Running the same command on an-coord1002 shows a value that is about 38K higher than the actual number of rows.

btullis@an-coord1002:~$ sudo mysql -e "SELECT SUM(TABLE_ROWS) FROM INFORMATION_SCHEMA.TABLES WHERE TABLE_SCHEMA = 'superset_production' AND TABLE_NAME = 'logs'"
+-----------------+
| SUM(TABLE_ROWS) |
+-----------------+
|         1499850 |
+-----------------+

So it would appear that these estimates are way off the mark.

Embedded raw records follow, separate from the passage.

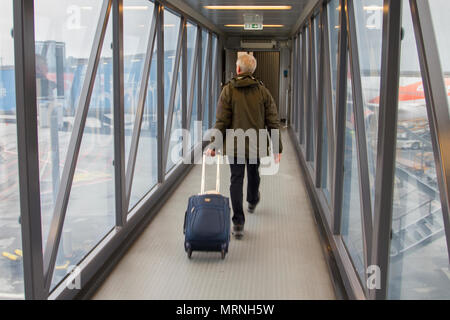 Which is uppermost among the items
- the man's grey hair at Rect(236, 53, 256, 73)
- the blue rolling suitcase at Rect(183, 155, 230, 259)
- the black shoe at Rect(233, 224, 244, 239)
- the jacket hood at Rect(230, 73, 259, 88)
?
the man's grey hair at Rect(236, 53, 256, 73)

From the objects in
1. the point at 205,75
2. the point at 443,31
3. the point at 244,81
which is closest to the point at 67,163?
the point at 244,81

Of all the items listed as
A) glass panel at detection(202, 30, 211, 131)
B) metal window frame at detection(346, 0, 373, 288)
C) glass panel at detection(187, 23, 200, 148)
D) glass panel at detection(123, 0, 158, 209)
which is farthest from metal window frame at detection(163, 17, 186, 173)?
glass panel at detection(202, 30, 211, 131)

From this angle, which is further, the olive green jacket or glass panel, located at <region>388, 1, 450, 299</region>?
the olive green jacket

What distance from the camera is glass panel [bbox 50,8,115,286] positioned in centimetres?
341

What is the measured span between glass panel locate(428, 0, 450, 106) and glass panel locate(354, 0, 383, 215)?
1.03 metres

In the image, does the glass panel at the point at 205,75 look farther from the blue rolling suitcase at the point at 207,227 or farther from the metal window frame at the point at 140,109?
the blue rolling suitcase at the point at 207,227

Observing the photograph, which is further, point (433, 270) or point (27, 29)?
point (27, 29)

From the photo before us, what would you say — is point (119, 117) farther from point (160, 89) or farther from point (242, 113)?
point (160, 89)

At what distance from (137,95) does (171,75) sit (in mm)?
1795

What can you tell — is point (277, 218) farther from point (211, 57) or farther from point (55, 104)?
point (211, 57)

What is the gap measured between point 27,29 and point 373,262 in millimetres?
2160

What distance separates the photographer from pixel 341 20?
13.4 feet

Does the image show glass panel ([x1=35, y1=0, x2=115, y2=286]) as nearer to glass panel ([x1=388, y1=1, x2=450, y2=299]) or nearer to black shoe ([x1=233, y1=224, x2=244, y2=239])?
black shoe ([x1=233, y1=224, x2=244, y2=239]) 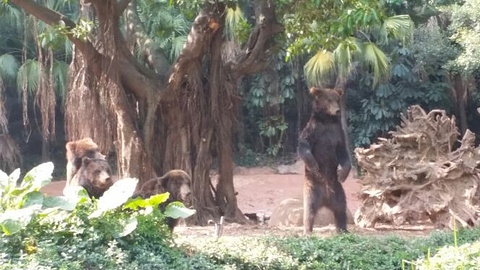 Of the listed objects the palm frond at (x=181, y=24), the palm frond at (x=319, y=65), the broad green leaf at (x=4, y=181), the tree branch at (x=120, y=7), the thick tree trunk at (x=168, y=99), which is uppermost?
the palm frond at (x=181, y=24)

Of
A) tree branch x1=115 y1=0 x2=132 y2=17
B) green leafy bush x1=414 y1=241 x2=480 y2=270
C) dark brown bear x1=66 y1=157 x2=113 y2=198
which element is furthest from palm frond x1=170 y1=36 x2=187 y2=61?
green leafy bush x1=414 y1=241 x2=480 y2=270

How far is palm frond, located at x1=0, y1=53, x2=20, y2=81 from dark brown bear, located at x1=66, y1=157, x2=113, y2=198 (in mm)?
11693

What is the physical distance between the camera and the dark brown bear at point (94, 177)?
9.43 m

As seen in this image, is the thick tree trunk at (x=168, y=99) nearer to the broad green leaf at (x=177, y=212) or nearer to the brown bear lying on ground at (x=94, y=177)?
the brown bear lying on ground at (x=94, y=177)

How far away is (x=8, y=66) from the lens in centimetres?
2053

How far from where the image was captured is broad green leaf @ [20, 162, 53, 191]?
273 inches

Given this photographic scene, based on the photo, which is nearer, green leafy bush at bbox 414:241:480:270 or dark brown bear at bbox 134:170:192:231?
green leafy bush at bbox 414:241:480:270

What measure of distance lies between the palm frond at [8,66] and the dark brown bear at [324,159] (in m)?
11.4

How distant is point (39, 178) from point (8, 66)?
14.3 metres

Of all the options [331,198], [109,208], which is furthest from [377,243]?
[109,208]

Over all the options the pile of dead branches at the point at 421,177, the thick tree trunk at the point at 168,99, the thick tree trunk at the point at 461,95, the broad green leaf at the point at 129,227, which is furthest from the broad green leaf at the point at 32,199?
the thick tree trunk at the point at 461,95

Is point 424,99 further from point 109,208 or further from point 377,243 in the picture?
point 109,208

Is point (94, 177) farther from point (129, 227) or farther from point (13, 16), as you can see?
point (13, 16)

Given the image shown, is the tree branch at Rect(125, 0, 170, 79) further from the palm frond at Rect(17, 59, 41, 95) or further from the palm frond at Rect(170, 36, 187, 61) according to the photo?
the palm frond at Rect(17, 59, 41, 95) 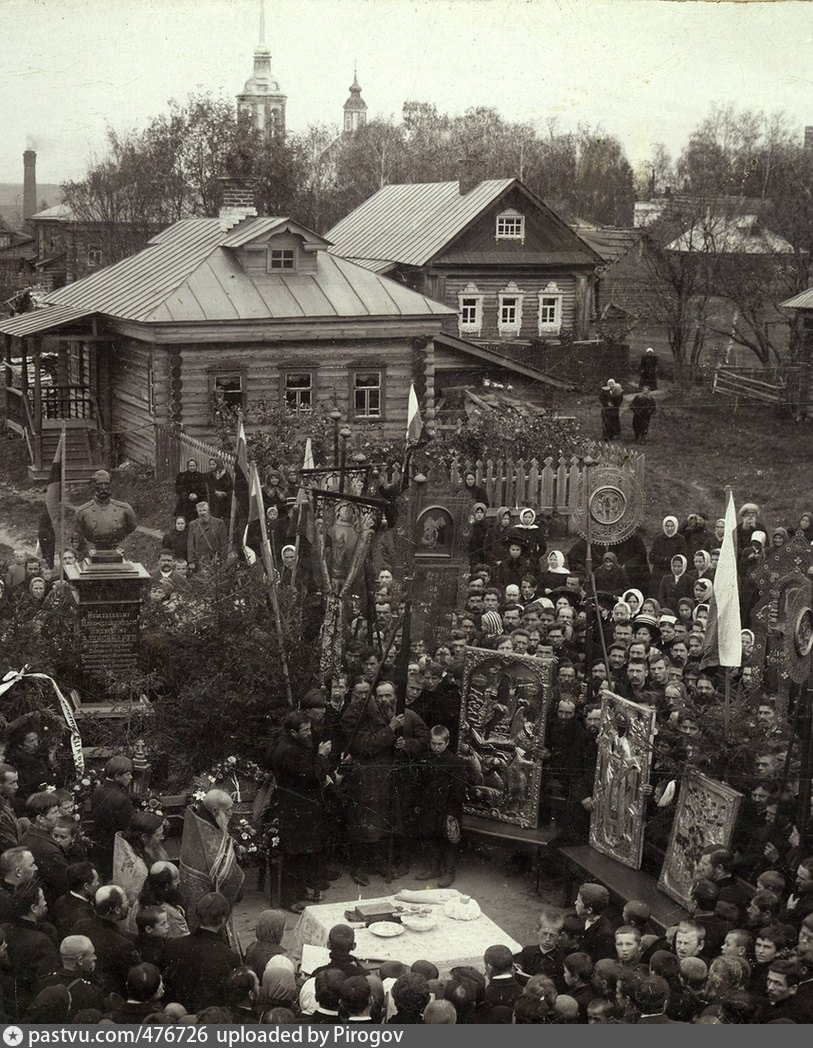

I could run an ANALYZE TABLE against these tables, which is a low low risk operation.
It will lock the table briefly and it can either be run locally or it can allow the analyze command to propagate via the binlog.
https://mariadb.com/kb/en/analyze-table/

All in all though, I'm not too concerned about this, now that the pt-table-sync command has reported no drift, apart from minor discrepanies within the mysql database.

I will clean up the permissions that I changed in order to be able to run the command and resolve the ticket.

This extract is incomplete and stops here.